Bazı belirtiler fark edildiğinde “kendiliğinden geçer” deyip ihmal etmemek, ortopedi tabibine danışmak gerekiyor, aksi halde sorun daha da ilerleyerek kalıcı hale gelebiliyor. Bu belirtiler “ağrı, hareket kısıtlılığı, merdivenleri inip çıkmada zorlanma, dizleri otururken bükülü tutmakta zahmet çekme, uçakta bacakları öteki koltuk altına uzatma muhtaçlığı, hareket esnasında ağrılı ses gelmesi, namaz kılar durumda oturamama, geceleri uyandıran ağrı, form bozukluğu, dizde güvensizlik, takılma, kilitlenme ve şişlik” olarak sıralanıyor.
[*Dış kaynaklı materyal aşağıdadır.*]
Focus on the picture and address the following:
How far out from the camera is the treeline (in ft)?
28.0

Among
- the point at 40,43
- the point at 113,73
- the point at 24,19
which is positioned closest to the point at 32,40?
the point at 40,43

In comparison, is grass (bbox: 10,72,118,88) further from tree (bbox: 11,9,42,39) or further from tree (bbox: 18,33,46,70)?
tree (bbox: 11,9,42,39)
Alınabilecek birinci tedbir: İstirahat

Diz ağrısını geçirmek için uygulanacak sistemler, altta yatan nedene ve ağrının şiddetine nazaran değişiklik gösteriyor. Kronik ya da önemli durumlarda profesyonel tedavi gerekmekle birlikte hafif rahatsızlıklarda tabibin teklifiyle konutta uygulanabilecek yollar yarar sağlayabiliyor. Bu formüllerin başında istirahat ve dizi zorlayan aktivitelerden kaçınmak yer alıyor. Günde birkaç sefer 15-20 dakikalık buz kompresi ile diz dayanağı yahut bandaj kullanımı ağrıyı hafifletiyor. Diz ağrısı yaşayanlara kas dengesizliklerini düzeltmeye yönelik antrenman programları ve ortopedik tabanlıklar yahut uygun spor ayakkabılar tavsiye edilebiliyor. Ayrıyeten doktor önerisiyle steroid içermeyen antienflamatuar ilaçlar kullanılabiliyor.
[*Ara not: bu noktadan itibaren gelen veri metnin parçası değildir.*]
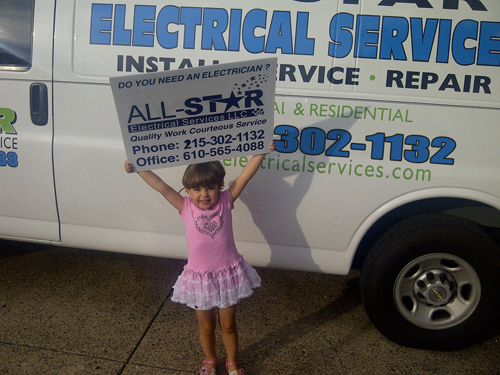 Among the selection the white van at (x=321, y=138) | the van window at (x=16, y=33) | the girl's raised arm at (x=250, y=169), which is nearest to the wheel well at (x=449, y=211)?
the white van at (x=321, y=138)

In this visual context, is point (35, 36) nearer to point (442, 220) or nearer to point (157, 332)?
point (157, 332)

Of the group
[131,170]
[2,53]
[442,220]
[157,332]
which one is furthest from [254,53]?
[157,332]

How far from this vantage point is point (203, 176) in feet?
7.00

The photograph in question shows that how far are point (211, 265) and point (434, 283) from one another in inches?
55.3

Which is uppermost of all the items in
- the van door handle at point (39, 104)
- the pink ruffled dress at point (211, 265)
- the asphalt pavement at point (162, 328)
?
the van door handle at point (39, 104)

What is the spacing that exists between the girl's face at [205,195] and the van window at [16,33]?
149cm

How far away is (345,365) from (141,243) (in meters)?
1.50

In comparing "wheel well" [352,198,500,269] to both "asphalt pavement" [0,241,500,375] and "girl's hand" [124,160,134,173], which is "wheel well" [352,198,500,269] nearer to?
"asphalt pavement" [0,241,500,375]

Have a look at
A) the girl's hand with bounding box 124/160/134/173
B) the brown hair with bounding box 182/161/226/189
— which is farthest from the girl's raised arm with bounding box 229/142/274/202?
the girl's hand with bounding box 124/160/134/173

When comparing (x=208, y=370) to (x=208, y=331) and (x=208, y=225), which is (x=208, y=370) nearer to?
(x=208, y=331)

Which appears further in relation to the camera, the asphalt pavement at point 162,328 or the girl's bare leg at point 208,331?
the asphalt pavement at point 162,328

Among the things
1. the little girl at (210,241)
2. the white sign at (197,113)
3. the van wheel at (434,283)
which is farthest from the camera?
the van wheel at (434,283)

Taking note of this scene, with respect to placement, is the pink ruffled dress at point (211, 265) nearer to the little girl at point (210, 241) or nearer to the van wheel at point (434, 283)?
the little girl at point (210, 241)

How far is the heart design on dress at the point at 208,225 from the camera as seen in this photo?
7.24 ft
En değerli tedavi yıpranmayı önlemek

Diz yıpranmalarında en tesirli tedavinin sürecin başlamadan önlenmesi olduğunu vurgulayan Ortopedi ve Travmatoloji Uzmanı Prof. Dr. Tuluhan Yunus Emre, “Erken teşhis, hakikat idman ve kilo denetimi diz sıhhatini muhafazanın temel adımlarını oluşturur. Bu tedbirler alınmadığında ağrı kalıcı hale gelir, hareket kısıtlanır ve ömür kalitesi düşer” kelamlarıyla ikazda bulunuyor.
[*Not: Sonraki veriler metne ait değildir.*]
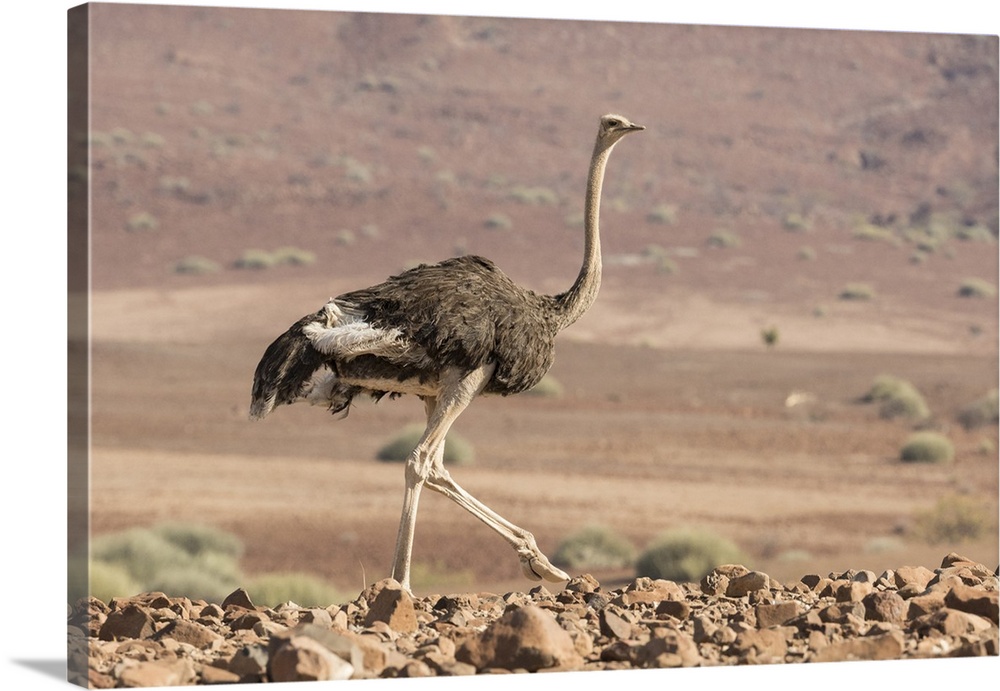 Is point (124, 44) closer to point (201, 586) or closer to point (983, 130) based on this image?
point (983, 130)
Diz protezlerinin ömrü uzun yıllar sürüyor

Dizlerde artrit, yani eklemlerde iltihap varsa yahut bir travmadan sonra güzelleşme sürecindeyse kasları güçlendirmek için fizik tedavi öneriliyor. Diz ağrısı olan birçok hastada ameliyata muhtaçlık duyulmuyor. Fakat, ağrı şiddetliyse ve başka tedaviler işe yaramadıysa, hasarlı bir bağ, kemik kırığı yahut şiddetli artrit varsa ameliyata başvurulabiliyor. Ortopedi ve Travmatoloji Uzmanı Prof. Dr. Tuluhan Yunus Emre, dizlerdeki ağrı ve öbür semptomların ayakta durma, yürüme ile öbür hareket etme yeteneğini büyük ölçüde etkilediği durumlarda diz protezi gerekebildiğini anlatarak, “Diz protezleri hayat kalitesinin artmasını sağlar. Diz artrozu olup protez muhtaçlığı olmasına karşın ameliyatı 5-10 yıl geciktirmek, ‘ne kadar geç olursa o kadar uygun olacağını düşünmek’ yanlışsız bir yaklaşım değildir. Günümüzde son teknolojiler sayesinde diz protezleri uzun yıllar aşınmadan kullanılabilmektedir. Unutmayalım ki dizlerimize 60 yaşında iken 70 yaşından daha  fazla muhtaçlığımız olacaktır” diyor.